Jake grinned. “You know that only encourages me to find a way.”
“You are too large to fit into her baggage,” Suhail pointed out. “I don’t think you can sneak aboard without her noticing.”
“Besides,” I said, “we still haven’t the slightest idea how we will get there.” My own sigh was more full of discouragement than melodrama. “At the rate this is going, by the time I have a plan, you will have attained your majority. And then I will not be able to stop you.”
Although Jake might not go so far as to sneak after us, he was quite serious about finding a way—for us, if not for himself. He said, “Have you asked Uncle Andrew?”
Much to the surprise of my family, the youngest of my brothers was still in the army. It was not his passion in life, but it gave him purpose and direction—and, dare I say, discipline—which was more than he had ever found on his own. “I have written to him, but he is only a captain. He cannot order the army into Tser-nga to clear a path for us.”
Jake brooded over this as the footman brought out the soup course. Suhail and I began eating, but Jake only fiddled with his spoon. Since he ordinarily devoured his food almost before his dish touched the table, I found this worrisome. Before I could ask, though, he burst out with a sudden, uproarious laugh. “A path through Tser-nga, no. So you should go over!”
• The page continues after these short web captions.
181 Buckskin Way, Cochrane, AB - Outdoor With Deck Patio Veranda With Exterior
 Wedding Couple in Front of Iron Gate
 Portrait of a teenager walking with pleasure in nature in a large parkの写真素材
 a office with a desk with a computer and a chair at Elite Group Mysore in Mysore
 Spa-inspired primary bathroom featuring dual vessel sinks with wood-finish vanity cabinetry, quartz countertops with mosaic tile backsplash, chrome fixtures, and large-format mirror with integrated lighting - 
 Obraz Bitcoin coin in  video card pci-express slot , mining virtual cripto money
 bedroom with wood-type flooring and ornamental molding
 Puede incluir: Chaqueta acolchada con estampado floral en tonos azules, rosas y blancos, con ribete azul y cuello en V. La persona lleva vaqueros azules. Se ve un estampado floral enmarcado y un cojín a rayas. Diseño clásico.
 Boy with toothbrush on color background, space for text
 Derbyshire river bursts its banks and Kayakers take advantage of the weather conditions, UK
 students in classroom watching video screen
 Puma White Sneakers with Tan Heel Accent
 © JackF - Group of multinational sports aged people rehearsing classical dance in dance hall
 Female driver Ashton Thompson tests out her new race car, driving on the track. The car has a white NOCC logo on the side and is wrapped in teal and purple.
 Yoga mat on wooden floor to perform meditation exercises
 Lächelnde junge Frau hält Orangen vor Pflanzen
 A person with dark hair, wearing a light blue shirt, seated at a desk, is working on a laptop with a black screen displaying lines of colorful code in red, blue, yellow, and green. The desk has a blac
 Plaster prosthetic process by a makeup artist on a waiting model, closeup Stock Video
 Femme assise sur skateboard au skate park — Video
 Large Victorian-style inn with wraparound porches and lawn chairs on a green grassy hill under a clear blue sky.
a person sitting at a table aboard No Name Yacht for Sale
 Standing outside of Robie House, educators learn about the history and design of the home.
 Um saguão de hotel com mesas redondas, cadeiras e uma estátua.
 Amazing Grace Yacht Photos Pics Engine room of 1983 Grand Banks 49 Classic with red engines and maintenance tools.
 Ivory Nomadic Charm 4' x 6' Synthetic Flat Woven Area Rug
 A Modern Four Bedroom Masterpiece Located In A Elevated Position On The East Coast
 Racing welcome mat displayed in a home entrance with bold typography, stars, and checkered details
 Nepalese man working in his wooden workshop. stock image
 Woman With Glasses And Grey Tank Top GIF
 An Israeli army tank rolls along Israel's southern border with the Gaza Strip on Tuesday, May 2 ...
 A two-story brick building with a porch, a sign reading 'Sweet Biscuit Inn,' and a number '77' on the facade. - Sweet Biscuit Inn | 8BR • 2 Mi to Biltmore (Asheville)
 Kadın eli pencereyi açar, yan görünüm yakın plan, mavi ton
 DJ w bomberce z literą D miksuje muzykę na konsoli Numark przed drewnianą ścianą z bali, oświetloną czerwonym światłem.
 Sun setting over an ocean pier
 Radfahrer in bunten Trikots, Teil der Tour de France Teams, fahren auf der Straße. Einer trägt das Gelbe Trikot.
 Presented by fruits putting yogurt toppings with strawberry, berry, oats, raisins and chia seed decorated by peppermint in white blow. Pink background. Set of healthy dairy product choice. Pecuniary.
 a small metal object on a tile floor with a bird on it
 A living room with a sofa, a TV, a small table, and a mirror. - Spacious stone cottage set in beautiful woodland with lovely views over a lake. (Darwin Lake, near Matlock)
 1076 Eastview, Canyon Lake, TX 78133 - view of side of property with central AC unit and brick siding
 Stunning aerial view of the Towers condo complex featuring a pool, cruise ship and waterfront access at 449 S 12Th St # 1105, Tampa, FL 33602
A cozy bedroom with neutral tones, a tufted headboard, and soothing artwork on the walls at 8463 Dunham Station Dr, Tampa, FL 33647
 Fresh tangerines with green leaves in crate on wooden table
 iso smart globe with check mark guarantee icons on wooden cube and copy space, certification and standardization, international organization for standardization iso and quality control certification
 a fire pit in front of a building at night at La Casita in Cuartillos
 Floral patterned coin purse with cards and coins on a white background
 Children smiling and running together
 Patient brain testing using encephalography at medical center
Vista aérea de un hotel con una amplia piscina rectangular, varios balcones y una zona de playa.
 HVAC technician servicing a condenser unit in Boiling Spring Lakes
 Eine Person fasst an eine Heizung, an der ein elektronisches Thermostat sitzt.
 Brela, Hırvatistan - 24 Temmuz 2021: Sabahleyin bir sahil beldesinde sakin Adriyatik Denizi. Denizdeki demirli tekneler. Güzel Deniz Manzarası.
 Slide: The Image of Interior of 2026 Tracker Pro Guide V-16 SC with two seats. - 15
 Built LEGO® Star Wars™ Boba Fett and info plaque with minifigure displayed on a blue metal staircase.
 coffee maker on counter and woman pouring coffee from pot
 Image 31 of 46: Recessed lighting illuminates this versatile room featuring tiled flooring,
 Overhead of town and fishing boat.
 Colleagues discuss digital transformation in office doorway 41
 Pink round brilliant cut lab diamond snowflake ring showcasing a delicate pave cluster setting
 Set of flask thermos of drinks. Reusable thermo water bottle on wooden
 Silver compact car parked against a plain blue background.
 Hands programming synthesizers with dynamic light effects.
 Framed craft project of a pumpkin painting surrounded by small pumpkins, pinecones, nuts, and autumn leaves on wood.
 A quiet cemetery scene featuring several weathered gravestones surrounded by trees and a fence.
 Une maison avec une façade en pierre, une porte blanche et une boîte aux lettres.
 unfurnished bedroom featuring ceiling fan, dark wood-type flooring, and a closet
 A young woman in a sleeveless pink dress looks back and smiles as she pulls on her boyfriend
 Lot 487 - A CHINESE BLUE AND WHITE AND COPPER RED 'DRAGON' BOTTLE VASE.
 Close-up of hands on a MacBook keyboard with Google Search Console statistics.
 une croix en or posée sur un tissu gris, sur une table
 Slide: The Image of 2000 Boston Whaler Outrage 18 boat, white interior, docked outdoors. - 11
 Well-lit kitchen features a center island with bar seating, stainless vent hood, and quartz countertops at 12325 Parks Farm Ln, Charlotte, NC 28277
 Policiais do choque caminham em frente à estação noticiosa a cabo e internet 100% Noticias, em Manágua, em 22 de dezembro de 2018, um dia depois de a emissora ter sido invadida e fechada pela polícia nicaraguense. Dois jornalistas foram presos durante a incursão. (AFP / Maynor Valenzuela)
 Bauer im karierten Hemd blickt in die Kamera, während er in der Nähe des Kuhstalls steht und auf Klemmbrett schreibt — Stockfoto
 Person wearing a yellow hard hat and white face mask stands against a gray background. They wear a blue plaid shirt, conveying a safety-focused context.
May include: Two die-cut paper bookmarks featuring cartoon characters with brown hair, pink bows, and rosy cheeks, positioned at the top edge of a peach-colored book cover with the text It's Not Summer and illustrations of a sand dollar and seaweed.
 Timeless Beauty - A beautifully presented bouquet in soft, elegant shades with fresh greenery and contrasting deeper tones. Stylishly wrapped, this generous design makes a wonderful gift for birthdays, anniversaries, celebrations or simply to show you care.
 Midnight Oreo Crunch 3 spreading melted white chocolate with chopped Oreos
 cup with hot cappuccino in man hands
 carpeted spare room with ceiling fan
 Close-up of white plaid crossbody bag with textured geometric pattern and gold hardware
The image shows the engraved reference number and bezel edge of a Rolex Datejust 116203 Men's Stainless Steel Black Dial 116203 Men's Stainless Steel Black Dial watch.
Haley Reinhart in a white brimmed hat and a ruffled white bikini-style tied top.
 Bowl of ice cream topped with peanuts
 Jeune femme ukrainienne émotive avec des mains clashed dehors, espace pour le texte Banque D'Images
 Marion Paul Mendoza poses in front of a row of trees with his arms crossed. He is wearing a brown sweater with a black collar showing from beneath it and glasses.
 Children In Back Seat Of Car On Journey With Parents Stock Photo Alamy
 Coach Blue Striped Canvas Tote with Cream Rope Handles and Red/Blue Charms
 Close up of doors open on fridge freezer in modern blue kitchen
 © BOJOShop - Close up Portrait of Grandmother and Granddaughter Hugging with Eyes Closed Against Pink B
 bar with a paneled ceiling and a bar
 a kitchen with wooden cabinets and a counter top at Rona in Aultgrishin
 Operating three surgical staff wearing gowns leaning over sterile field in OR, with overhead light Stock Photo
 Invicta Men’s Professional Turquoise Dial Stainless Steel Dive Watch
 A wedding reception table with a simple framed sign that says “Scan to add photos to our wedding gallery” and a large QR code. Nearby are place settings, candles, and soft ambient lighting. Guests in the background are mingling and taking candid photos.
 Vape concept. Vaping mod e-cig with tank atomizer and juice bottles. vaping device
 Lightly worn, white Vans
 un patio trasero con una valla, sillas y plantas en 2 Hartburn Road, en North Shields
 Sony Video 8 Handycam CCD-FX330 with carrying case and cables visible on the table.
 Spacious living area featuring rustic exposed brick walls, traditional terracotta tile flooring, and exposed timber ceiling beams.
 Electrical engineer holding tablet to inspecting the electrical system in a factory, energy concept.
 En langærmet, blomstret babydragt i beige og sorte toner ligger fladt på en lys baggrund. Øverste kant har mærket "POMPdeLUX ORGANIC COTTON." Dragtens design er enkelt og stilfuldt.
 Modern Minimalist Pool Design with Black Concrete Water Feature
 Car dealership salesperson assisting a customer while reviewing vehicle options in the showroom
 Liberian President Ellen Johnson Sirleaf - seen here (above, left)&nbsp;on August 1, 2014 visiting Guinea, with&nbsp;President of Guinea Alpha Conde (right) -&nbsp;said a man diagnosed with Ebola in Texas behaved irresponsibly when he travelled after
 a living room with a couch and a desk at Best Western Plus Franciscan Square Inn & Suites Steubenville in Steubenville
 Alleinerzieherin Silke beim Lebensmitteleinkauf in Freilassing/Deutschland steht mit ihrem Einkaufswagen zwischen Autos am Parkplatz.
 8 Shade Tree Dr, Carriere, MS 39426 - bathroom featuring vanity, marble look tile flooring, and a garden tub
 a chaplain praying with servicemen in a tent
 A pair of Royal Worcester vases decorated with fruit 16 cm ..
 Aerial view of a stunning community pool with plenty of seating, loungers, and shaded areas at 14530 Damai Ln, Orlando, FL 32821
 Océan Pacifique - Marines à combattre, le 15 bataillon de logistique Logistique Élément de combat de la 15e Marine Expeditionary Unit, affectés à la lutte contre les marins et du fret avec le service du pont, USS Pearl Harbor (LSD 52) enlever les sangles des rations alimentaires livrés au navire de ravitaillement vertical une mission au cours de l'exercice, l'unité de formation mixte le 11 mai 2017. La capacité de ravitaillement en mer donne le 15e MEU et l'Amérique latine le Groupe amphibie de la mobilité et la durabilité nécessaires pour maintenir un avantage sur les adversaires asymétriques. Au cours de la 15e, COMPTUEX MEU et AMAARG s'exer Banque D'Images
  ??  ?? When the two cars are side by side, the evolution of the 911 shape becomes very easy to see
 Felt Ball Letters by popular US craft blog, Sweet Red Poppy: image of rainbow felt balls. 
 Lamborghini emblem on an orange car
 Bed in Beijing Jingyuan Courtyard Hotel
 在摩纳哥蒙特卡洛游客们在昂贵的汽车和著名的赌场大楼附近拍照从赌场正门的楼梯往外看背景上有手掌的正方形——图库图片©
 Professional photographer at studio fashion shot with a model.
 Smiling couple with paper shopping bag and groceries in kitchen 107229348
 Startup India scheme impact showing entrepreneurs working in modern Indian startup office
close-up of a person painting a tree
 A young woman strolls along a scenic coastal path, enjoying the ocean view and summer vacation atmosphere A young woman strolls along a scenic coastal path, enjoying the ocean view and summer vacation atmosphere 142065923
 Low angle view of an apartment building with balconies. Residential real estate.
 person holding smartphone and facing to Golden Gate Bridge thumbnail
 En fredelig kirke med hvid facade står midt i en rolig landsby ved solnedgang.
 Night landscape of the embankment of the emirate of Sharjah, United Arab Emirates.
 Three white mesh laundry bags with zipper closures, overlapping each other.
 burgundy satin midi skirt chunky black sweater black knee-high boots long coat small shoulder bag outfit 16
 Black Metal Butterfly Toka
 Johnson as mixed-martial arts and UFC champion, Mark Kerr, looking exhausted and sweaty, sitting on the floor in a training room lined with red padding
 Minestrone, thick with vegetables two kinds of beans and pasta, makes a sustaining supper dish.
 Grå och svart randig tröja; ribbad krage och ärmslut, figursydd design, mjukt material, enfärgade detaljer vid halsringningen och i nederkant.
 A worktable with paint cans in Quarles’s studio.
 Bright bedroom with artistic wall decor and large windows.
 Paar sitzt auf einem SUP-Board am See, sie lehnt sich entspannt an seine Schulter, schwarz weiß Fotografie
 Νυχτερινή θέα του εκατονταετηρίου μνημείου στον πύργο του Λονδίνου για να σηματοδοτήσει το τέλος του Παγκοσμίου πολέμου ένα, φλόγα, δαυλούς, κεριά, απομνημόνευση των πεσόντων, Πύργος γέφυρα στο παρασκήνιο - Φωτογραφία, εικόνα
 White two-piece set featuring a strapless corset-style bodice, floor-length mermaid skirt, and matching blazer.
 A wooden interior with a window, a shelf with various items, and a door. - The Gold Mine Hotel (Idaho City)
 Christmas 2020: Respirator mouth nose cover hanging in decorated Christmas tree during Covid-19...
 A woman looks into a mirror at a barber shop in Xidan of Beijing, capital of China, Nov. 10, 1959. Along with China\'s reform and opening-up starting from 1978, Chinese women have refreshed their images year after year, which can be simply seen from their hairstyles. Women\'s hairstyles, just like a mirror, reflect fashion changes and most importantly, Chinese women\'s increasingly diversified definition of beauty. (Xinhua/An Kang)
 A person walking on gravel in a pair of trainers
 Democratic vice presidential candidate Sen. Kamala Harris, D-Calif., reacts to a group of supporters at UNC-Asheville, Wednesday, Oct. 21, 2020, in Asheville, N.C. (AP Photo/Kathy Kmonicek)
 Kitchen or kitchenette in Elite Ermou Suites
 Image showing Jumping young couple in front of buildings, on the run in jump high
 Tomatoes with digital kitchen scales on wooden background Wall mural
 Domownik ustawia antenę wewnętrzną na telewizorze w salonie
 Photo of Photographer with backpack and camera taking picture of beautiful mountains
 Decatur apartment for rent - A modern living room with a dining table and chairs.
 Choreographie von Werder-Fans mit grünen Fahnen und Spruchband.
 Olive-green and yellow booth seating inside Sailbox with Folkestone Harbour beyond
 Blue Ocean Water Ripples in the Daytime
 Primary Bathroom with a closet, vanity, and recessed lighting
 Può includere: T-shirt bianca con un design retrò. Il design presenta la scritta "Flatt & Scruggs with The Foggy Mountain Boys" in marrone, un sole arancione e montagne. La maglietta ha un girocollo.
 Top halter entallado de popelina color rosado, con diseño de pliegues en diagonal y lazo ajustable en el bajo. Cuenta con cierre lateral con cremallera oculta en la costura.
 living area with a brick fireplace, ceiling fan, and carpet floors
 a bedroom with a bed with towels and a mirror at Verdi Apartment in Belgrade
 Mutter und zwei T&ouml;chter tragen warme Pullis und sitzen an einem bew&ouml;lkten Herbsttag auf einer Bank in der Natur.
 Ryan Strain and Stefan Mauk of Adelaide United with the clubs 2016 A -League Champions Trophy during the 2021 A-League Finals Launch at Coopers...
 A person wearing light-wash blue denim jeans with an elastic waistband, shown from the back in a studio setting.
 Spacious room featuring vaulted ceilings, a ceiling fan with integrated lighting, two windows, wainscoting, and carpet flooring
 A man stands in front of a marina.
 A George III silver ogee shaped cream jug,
My spoon slid gently from my fingers and vanished up to the tip of its handle in my soup bowl. I did not attempt to retrieve it, staring blindly into the liquid.
Go over.
“Pardon me,” I said. Abandoning my soup, with my son and my husband grinning after me, I went to write a letter.
*
My relationship with the military authorities of Scirland has always been a contentious one. I unwittingly undermined them in Bayembe, but aided them in Keonga; with Tom’s assistance I strong-armed my way into a job posting they did not want to give me, but then redeemed myself with the discoveries in the Labyrinth of Drakes and the principle of developmental lability. I was instrumental in Scirland gaining knowledge of dragonbone preservation; lost that secret to foreign powers; funded the early research into synthesis; then inspired a man to spill the results as widely as he could. To say they detested me would be an overstatment … but to say they liked me would be false.
I would have gained no traction at all were it not for my brother Andrew. As I had told Jake, a mere captain had relatively little influence within the army—but he had once saved the life of another man in Coyahuac. Samuel Humboldt was a colonel at the time; now he was a major-general, and closely involved in the nascent enterprise that a few years later would detach itself from the army, becoming the Royal Scirling Aerial Corps. Thanks to his fondness for my brother, I was able to gain an audience and explain myself.
“Show me where you mean,” Humboldt said when I was done.